= Castles of Hârn =

RPG supplement published in 1987

Castles of Hârn is a 1987 role-playing game supplement for HârnMaster published by Columbia Games.

==Contents==
Castles of Hârn is a supplement detailing the history, economics, and religious position of eight castles from throughout the world of Harn.

==Publication history==
Castles of Hârn was written by Edwin King and Richard Porter, with art by Eric Hotz, and was published by Columbia Games in 1988 as a 64-page book.

Shannon Appelcline noted that "This was the golden age of Hârn, roughly from 1983, when Cities of Hârn was produced to 1987, when Columbia completed their coverage of the core Hârn kingdoms and started producing standalone books like Son of Cities (1987) and Castles of Hârn (1987)."

==Reception==
Jake Thornton reviewed Castles of Harn for Games International magazine, and gave it 2 stars out of 5, and stated that "I would suggest spending the money instead on one of the excellent texts on real mediaeval fortifications. The only people that I can recommend this to are confirmed Harn addicts who probably have it already."

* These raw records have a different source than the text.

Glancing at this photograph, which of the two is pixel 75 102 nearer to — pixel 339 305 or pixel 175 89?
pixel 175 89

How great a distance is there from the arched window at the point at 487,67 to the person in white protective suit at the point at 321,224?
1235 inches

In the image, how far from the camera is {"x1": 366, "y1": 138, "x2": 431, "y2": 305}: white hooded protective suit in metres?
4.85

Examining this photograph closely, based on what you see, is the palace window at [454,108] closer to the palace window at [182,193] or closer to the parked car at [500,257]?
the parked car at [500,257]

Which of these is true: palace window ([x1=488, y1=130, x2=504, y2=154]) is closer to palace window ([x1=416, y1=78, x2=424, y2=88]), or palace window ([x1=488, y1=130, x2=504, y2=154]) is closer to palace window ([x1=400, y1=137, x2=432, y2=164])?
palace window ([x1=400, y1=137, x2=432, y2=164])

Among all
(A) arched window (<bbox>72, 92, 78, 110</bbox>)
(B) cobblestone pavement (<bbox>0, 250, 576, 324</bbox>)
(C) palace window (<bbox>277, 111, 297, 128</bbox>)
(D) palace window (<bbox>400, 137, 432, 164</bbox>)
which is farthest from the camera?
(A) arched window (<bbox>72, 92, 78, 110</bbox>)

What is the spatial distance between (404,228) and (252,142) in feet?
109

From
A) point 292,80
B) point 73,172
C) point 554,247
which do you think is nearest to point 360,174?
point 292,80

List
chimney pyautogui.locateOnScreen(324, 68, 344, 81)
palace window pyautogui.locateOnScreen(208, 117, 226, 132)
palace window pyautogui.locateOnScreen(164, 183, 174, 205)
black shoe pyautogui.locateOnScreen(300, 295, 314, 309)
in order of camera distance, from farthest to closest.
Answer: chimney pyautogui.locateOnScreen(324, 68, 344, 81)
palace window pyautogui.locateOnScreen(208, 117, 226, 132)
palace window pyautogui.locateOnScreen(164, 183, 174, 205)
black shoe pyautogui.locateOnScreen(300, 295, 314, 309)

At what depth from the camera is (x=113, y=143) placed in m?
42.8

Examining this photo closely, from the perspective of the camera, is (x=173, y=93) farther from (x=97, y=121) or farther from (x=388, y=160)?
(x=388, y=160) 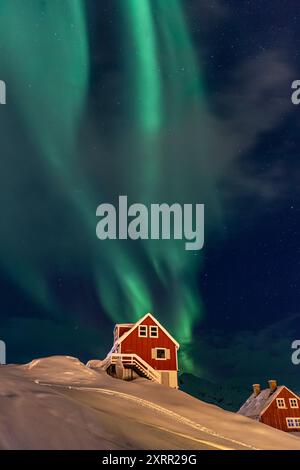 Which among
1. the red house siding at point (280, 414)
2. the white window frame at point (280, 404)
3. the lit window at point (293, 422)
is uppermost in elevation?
the white window frame at point (280, 404)

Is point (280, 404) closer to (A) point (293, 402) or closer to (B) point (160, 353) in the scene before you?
(A) point (293, 402)

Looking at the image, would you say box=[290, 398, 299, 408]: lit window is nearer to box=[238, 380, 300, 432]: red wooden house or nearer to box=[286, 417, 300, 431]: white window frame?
box=[238, 380, 300, 432]: red wooden house

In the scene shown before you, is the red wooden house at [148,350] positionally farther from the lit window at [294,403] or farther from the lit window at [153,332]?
the lit window at [294,403]

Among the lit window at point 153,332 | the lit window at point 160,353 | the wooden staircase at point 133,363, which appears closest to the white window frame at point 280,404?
the lit window at point 160,353

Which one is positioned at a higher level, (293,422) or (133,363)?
(133,363)

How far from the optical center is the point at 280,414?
4006 centimetres

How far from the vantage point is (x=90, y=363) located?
114ft

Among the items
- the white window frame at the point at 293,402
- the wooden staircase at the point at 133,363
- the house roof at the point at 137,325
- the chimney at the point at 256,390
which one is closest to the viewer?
the wooden staircase at the point at 133,363

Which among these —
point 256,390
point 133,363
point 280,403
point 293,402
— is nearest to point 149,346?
point 133,363

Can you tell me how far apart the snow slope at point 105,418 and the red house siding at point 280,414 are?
55.0 ft

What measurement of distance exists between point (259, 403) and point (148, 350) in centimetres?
1203

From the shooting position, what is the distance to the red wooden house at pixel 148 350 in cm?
3291

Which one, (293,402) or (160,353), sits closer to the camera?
(160,353) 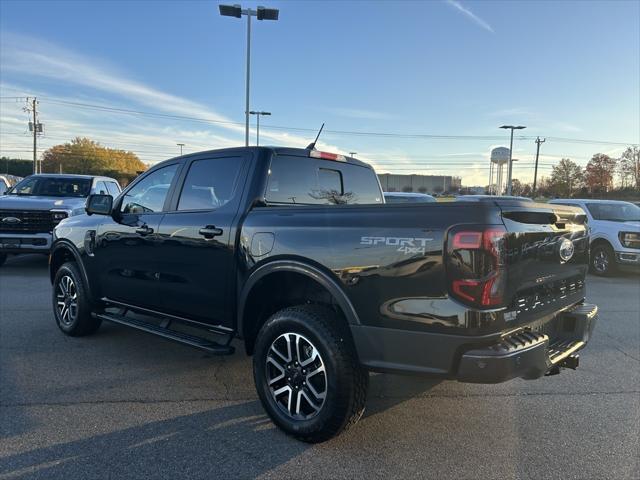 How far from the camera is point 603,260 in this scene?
10859 millimetres

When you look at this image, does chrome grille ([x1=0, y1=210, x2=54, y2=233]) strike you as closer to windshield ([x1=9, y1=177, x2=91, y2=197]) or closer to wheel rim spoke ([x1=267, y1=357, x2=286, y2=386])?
windshield ([x1=9, y1=177, x2=91, y2=197])

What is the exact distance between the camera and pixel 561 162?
8331 cm

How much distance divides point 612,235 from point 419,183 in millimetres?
60662

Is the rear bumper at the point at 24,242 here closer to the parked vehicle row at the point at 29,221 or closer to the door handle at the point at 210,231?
the parked vehicle row at the point at 29,221

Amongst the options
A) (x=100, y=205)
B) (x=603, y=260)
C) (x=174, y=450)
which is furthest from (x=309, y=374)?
(x=603, y=260)

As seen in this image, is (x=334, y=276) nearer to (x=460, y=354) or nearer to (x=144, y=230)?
(x=460, y=354)

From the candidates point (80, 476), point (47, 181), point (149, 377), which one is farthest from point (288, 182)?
point (47, 181)

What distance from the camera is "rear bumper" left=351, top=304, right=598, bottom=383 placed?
2.59m

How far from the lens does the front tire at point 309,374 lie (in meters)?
2.98

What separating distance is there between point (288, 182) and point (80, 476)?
243 cm

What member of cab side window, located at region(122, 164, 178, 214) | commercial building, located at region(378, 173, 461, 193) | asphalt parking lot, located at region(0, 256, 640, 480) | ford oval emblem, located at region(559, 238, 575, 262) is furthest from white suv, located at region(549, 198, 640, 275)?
commercial building, located at region(378, 173, 461, 193)

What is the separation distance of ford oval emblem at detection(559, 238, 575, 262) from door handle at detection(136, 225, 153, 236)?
3.28 meters

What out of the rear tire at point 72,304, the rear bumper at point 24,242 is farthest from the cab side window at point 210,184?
the rear bumper at point 24,242

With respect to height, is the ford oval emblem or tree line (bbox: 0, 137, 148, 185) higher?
tree line (bbox: 0, 137, 148, 185) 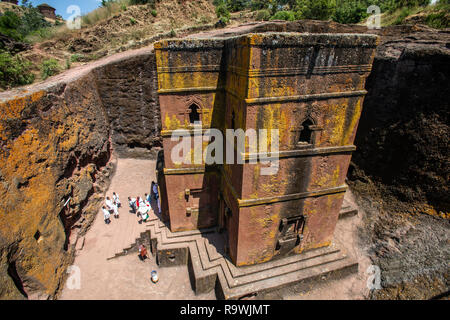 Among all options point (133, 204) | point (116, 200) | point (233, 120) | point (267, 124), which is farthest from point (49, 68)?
point (267, 124)

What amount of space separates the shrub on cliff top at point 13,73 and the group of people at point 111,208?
9094 mm

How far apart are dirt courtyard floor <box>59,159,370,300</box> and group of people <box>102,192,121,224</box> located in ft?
0.90

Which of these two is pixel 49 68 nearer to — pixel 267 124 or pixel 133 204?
pixel 133 204

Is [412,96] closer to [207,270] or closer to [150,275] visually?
[207,270]

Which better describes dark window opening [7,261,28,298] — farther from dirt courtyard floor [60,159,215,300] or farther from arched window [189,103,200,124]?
arched window [189,103,200,124]

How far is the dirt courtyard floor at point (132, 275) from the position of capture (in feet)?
27.2

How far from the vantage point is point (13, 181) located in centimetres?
687

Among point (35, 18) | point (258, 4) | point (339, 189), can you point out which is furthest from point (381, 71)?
point (35, 18)

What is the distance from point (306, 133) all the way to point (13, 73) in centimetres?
1682

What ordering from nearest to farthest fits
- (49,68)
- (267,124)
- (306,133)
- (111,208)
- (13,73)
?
(267,124) → (306,133) → (111,208) → (13,73) → (49,68)

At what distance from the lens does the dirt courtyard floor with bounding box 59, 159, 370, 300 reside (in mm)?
8289

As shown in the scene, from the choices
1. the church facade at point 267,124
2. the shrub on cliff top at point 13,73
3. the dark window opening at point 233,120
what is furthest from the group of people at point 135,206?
the shrub on cliff top at point 13,73

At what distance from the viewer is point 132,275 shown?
9133 millimetres

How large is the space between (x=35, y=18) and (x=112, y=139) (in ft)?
103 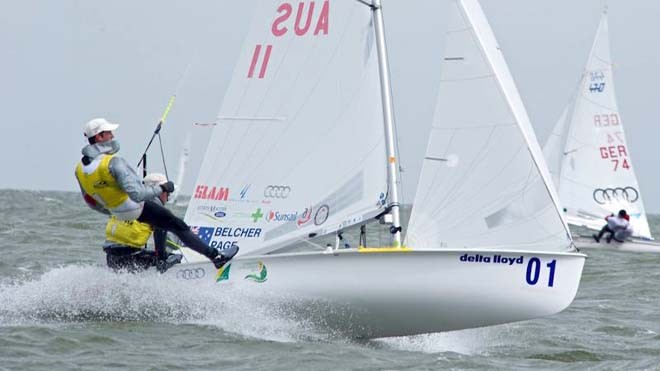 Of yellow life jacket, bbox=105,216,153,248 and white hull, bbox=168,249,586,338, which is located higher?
yellow life jacket, bbox=105,216,153,248

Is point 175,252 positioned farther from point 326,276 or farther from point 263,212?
point 326,276

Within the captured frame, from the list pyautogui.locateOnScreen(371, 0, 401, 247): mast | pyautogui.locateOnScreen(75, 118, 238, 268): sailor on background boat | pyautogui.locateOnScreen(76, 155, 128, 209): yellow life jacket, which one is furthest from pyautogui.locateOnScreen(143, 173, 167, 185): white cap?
pyautogui.locateOnScreen(371, 0, 401, 247): mast

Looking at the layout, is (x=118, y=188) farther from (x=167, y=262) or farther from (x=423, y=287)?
(x=423, y=287)

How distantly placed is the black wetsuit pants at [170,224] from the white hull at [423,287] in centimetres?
52

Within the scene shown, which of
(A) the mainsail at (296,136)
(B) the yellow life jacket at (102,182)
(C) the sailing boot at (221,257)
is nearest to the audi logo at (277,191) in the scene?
(A) the mainsail at (296,136)

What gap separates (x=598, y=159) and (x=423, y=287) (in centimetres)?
1458

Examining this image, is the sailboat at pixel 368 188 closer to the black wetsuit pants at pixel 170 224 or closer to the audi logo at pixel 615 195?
the black wetsuit pants at pixel 170 224

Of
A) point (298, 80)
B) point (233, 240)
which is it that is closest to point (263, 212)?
point (233, 240)

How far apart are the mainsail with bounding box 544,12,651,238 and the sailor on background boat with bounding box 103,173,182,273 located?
14228mm

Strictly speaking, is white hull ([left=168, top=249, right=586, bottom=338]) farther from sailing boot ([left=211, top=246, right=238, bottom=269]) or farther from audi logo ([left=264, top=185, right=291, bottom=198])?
audi logo ([left=264, top=185, right=291, bottom=198])

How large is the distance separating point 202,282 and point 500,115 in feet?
7.47

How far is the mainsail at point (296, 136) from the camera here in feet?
26.6

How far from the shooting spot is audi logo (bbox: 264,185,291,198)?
8312 millimetres

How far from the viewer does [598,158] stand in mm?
21250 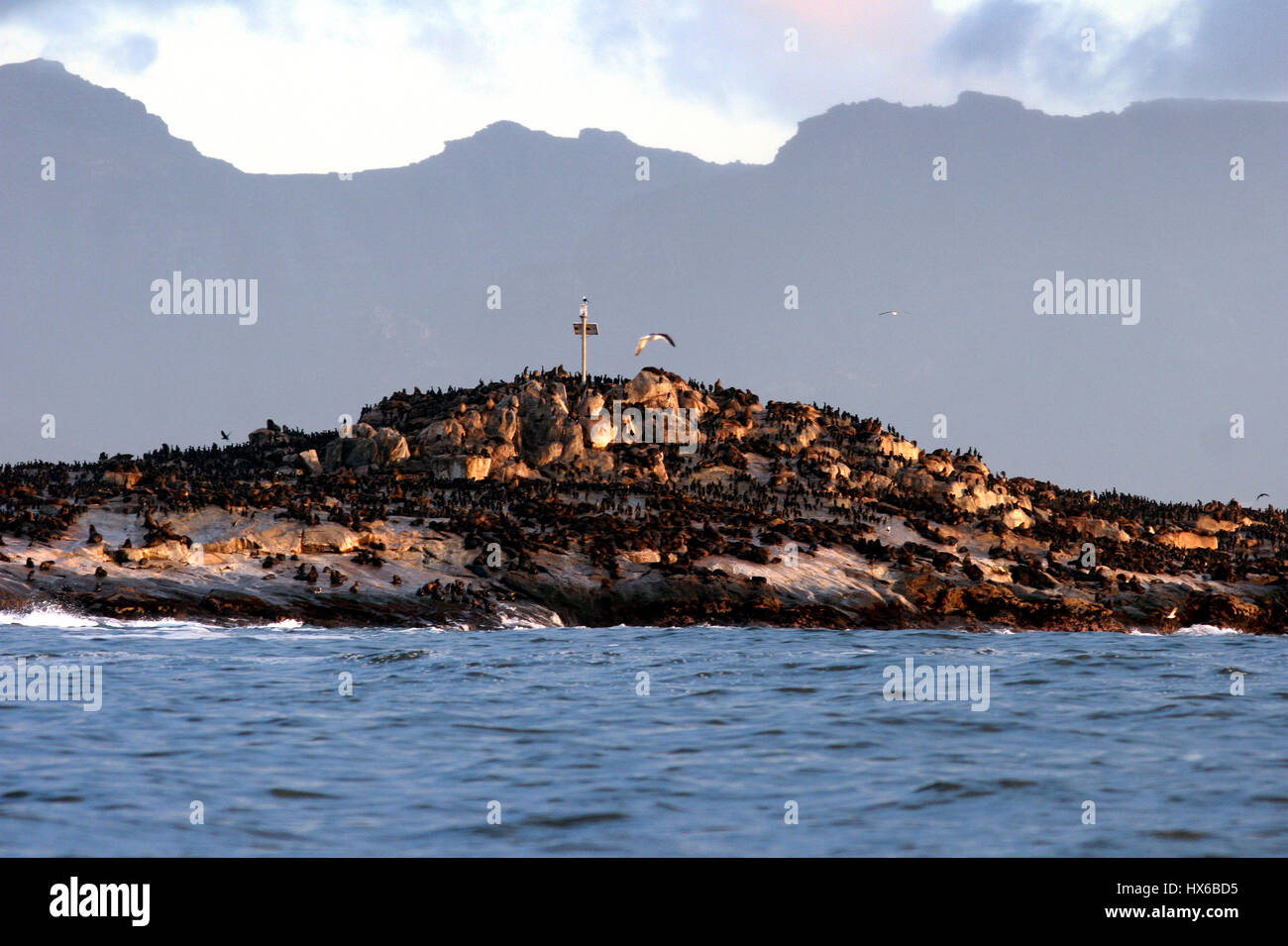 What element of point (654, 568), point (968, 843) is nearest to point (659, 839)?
point (968, 843)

Ken Rolston reviewed Castles of Hârn and Castles of Orbaal in White Wolf #40 (1994) and stated that "If you run any sort of historically based low fantasy campaign - Pendragon or Ars Magica campaigns in particular - Castles of Hârn and Castles of Orbaal are just right. Other more shamelessly heroic settings (like AD&D Greyhawk or Warhammer Fantasy Role Play) may require importing loads of alien races and spell casters, but the castle plans, terrain maps and NPC thumbnails work just fine regardless."